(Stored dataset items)
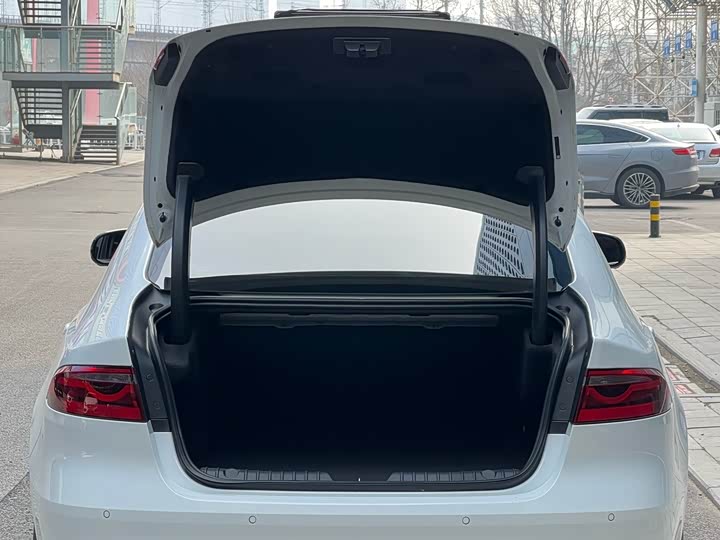 Фото 6 - Jaguar XF L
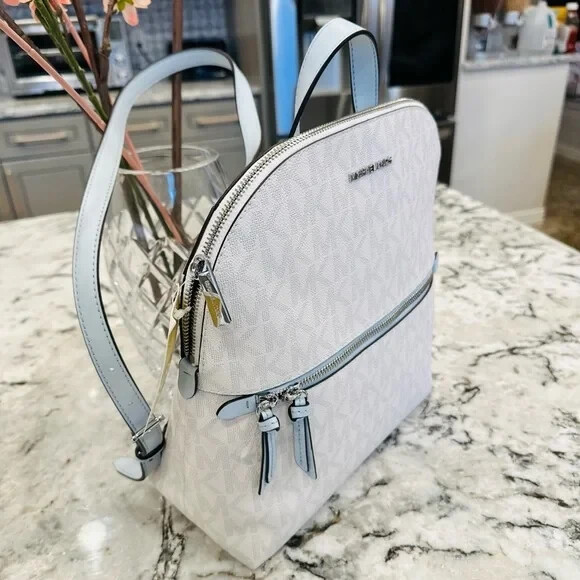 MICHAEL KORS Dallas Medium Slim BACKPACK MK Signature Soft  display picture 2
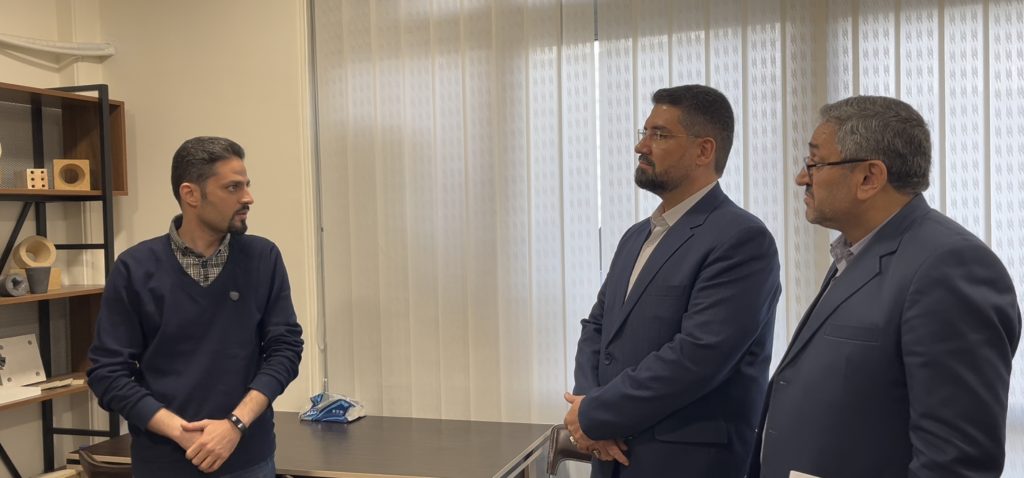 بازدید مدیرکل دیوان محاسبات استان قم از شرکت دانشبنیان ماهان صنعت ایرانیان بازدید مدیرکل دیوان محاسبات استان قم از شرکت دانشبنیان ماهان صنعت ایرانیان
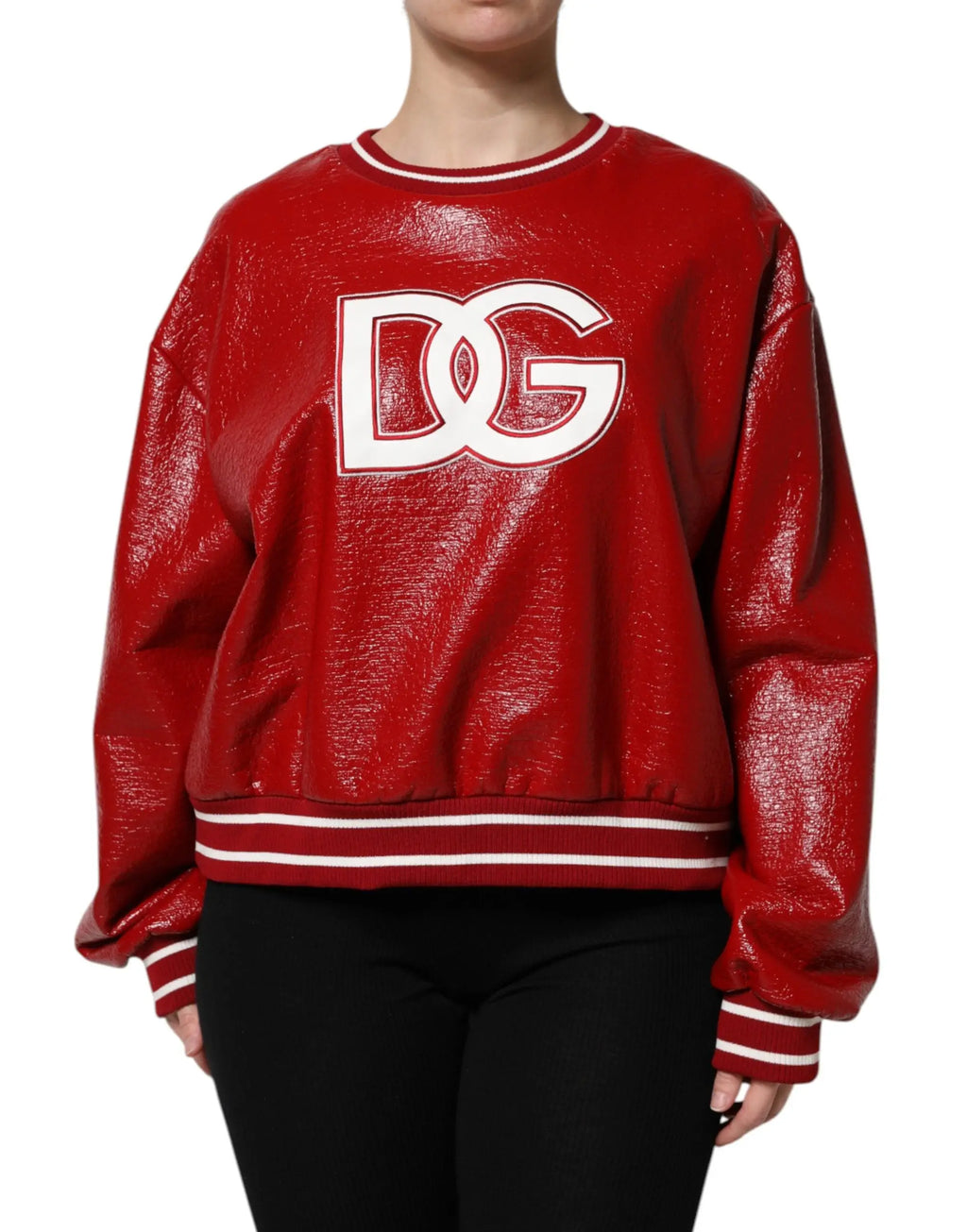 Dolce gabbana sweat rouge en simili cuir avec logo dg blanc et poignets rayés en laine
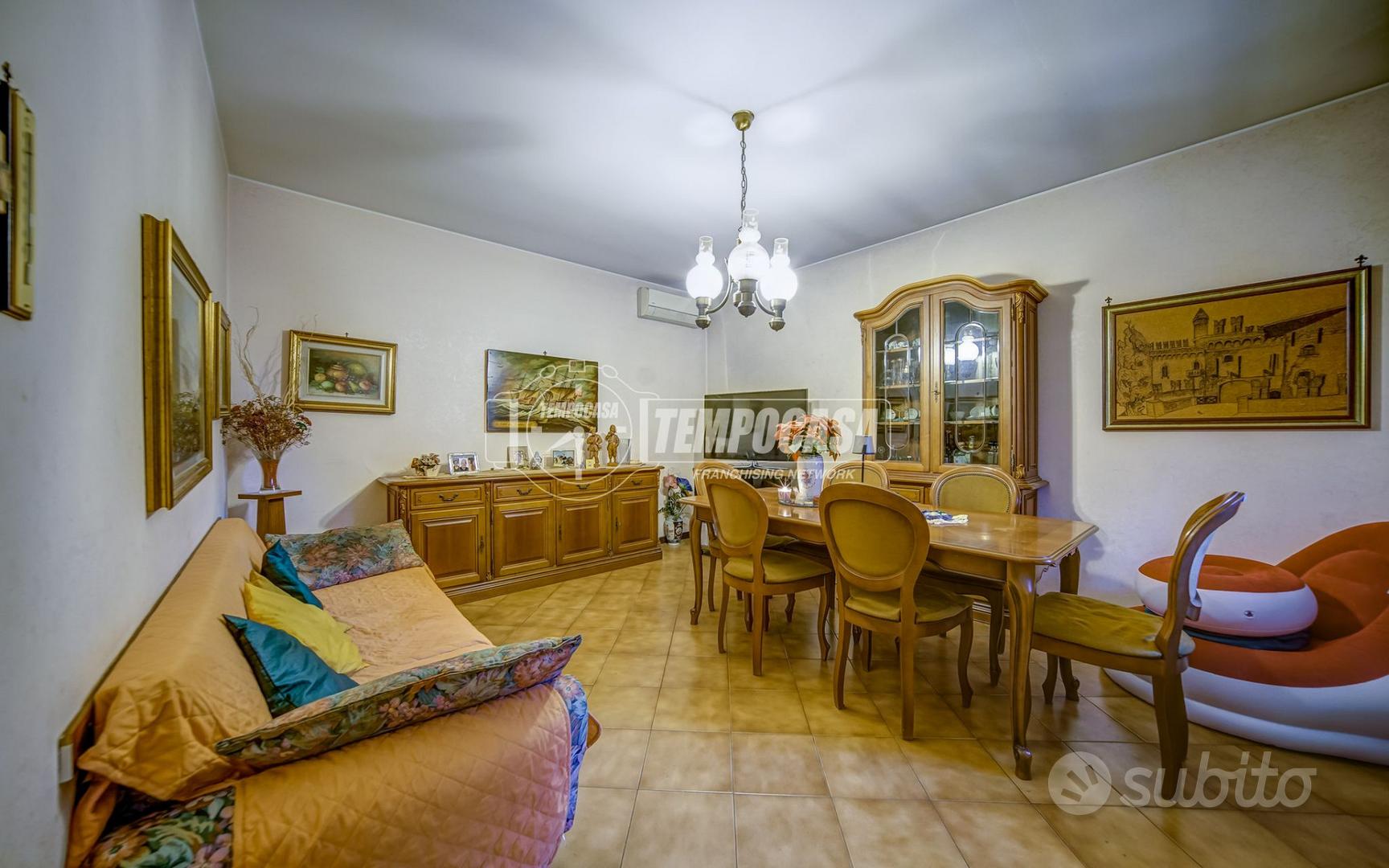 House in Fagnano Olona, Bergoro - View 3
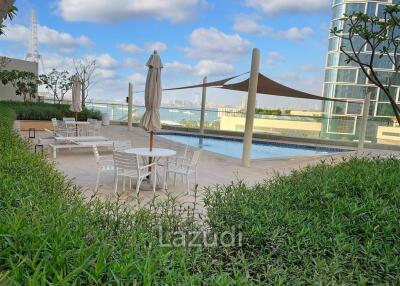 Lazudi presents to you a 2 BR apartment at the Marina with a breathtaking view!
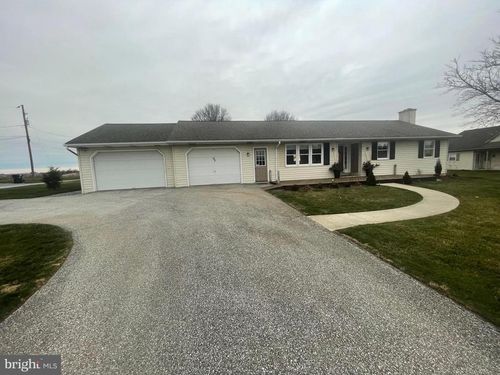 63 Harristown Rd, PARADISE, PA, 17562-9636 | Card Image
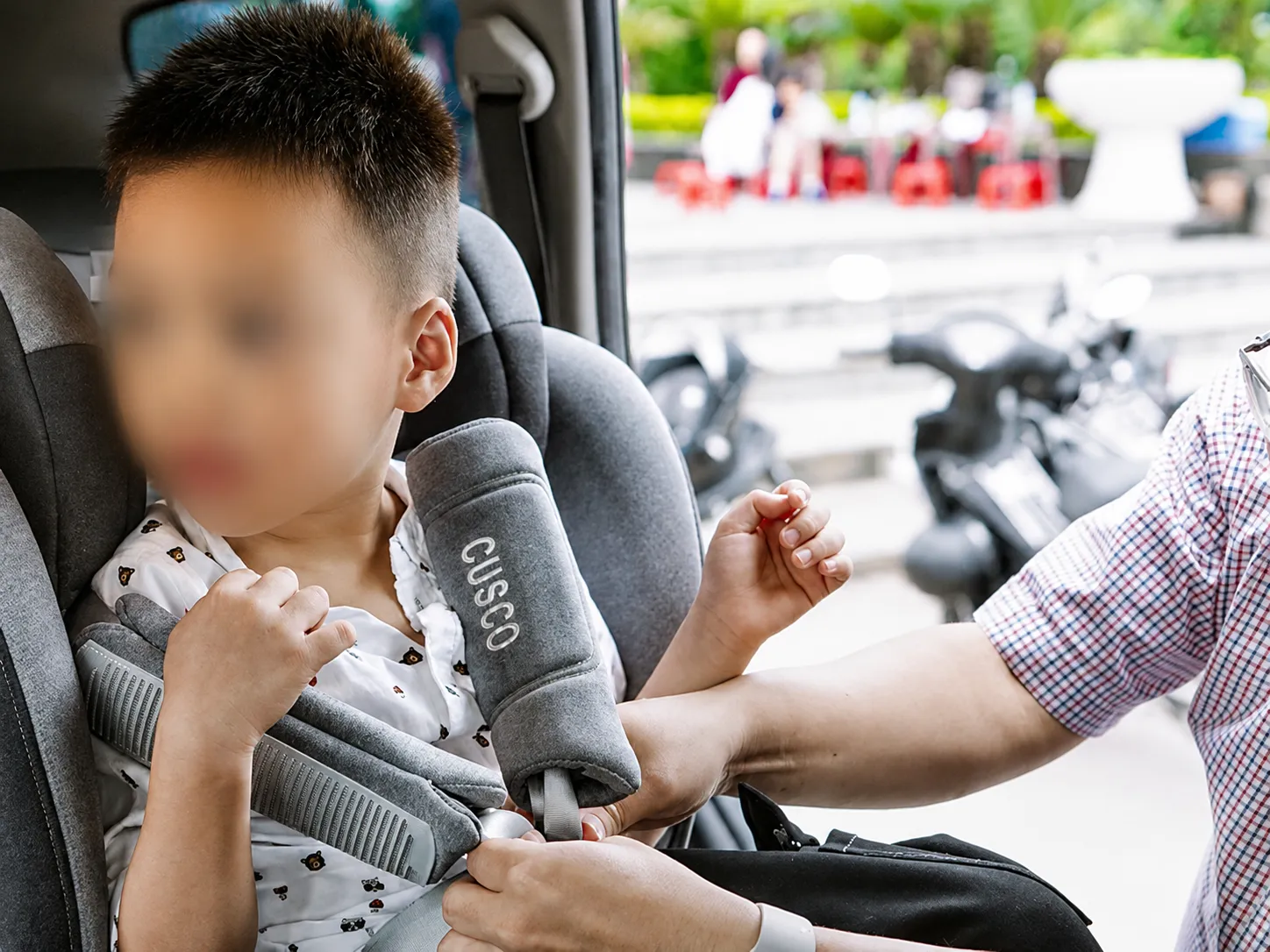 Lắp đặt ghế trẻ em nhớ chú ý 3 điều này, làm sai vừa mất an toàn, vừa có thể bị phạt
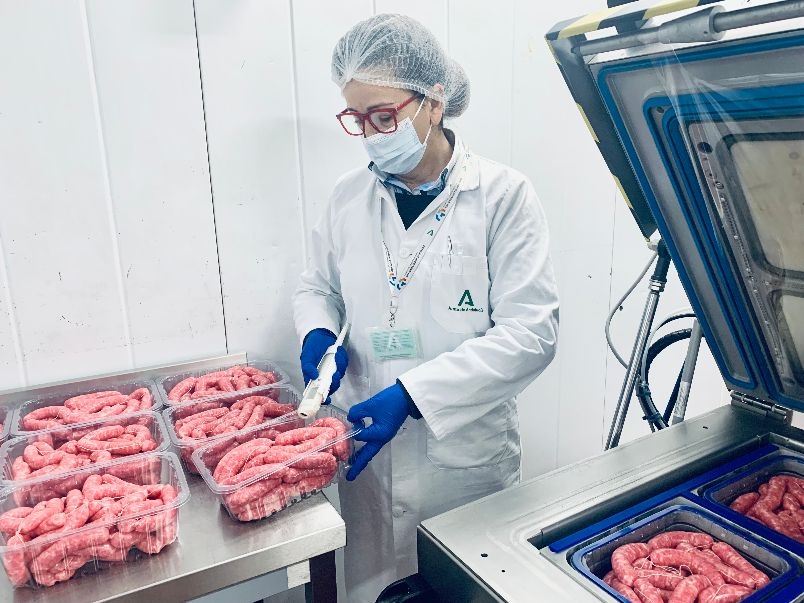 La Audiencia Provincial de Granada da la raz&oacute;n a cuatro veterinarios de Salud P&uacute;blica ante la querella de una industria c&aacute;rnica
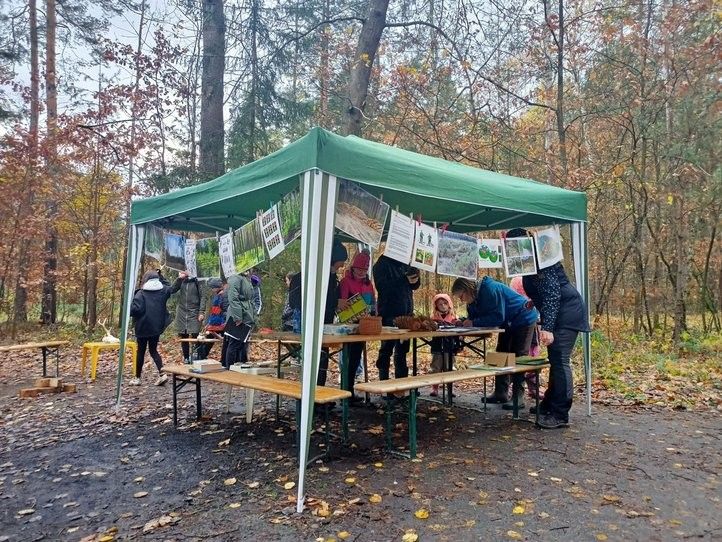 Sázení lesa. Zdroj foto: SVSMP 240318_sazeni_lesa_01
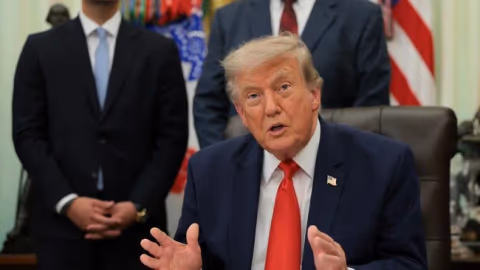 Trump Ancam Hancurkan Iran: Eskalasi Selat Hormuz dan Dampaknya ke Harga Minyak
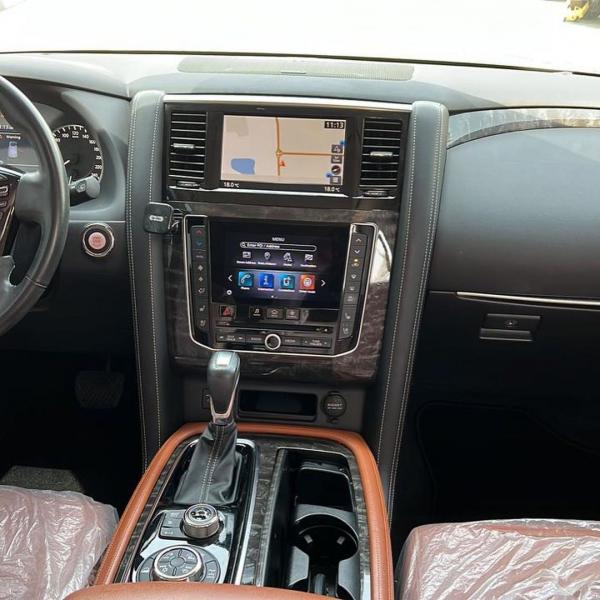 للبيع نيسان تيتانيوم V8 المكينه الكبيره 400 بدون حوادث موديل 2020
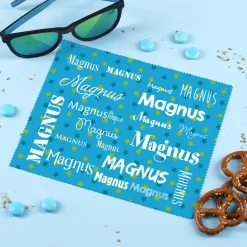 Blaues Brillenputztuch mit Ihrem Namen in verschiedenen Schriftarten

● **What the exercise asks**
From the line that contains "للبيع نيسان تيتانيوم" to the last line of the data, print each line exactly, both ends included, and omit the pictures.

● **Answer for this exercise**
 للبيع نيسان تيتانيوم V8 المكينه الكبيره 400 بدون حوادث موديل 2020
 Blaues Brillenputztuch mit Ihrem Namen in verschiedenen Schriftarten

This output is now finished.